Instructions to follow: Please give back word for word the lines of the material below between the line containing "Muchic Child Of" and the line containing "BANQUETA BAUL DIVA", inclusive.

Information supplied:
━━━━━━━━━━

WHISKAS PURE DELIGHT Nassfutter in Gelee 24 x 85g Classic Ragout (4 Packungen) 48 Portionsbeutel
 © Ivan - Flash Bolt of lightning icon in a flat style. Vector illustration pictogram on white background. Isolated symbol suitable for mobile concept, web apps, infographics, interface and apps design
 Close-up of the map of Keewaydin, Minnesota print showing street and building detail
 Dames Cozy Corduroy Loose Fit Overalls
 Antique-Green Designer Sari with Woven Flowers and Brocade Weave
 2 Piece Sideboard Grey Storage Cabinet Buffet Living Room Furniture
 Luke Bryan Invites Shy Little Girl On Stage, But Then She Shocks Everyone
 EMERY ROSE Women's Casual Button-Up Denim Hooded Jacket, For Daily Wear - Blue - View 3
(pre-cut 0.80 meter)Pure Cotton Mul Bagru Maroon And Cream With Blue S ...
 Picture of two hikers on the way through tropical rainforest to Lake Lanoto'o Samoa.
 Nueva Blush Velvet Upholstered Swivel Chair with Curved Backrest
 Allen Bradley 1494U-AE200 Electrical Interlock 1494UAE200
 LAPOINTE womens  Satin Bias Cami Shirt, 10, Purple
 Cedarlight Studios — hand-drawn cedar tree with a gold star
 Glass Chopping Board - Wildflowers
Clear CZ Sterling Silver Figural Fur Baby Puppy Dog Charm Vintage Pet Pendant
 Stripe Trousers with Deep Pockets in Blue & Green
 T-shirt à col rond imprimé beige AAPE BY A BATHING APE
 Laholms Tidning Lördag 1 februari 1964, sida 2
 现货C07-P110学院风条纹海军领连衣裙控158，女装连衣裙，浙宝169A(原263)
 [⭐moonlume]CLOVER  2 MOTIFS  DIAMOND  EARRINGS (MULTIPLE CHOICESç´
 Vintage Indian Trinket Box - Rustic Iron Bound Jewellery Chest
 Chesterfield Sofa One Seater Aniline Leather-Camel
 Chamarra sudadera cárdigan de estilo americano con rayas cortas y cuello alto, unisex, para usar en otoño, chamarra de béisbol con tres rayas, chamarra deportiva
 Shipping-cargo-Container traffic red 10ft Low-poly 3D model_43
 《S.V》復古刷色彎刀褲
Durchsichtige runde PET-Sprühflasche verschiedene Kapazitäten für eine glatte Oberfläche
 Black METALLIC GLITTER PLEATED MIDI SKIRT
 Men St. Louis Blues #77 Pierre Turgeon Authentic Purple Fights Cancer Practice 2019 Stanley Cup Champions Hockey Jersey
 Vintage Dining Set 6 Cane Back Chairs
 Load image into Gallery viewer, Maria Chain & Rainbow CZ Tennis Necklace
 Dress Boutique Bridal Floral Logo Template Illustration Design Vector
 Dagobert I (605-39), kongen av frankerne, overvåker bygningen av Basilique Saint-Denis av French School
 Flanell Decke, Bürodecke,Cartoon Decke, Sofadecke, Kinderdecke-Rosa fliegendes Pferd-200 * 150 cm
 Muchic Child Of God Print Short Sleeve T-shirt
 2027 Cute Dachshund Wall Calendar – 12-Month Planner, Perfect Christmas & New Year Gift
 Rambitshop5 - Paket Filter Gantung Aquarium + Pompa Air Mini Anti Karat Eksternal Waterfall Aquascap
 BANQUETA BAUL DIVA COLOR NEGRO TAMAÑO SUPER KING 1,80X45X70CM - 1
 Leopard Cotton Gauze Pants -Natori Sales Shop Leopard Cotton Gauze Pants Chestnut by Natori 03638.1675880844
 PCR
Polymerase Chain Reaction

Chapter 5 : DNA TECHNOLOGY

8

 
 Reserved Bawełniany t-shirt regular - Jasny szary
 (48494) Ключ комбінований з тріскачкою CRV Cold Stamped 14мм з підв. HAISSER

━━━━━━━━━━

Worked solution:
 Muchic Child Of God Print Short Sleeve T-shirt
 2027 Cute Dachshund Wall Calendar – 12-Month Planner, Perfect Christmas & New Year Gift
 Rambitshop5 - Paket Filter Gantung Aquarium + Pompa Air Mini Anti Karat Eksternal Waterfall Aquascap
 BANQUETA BAUL DIVA COLOR NEGRO TAMAÑO SUPER KING 1,80X45X70CM - 1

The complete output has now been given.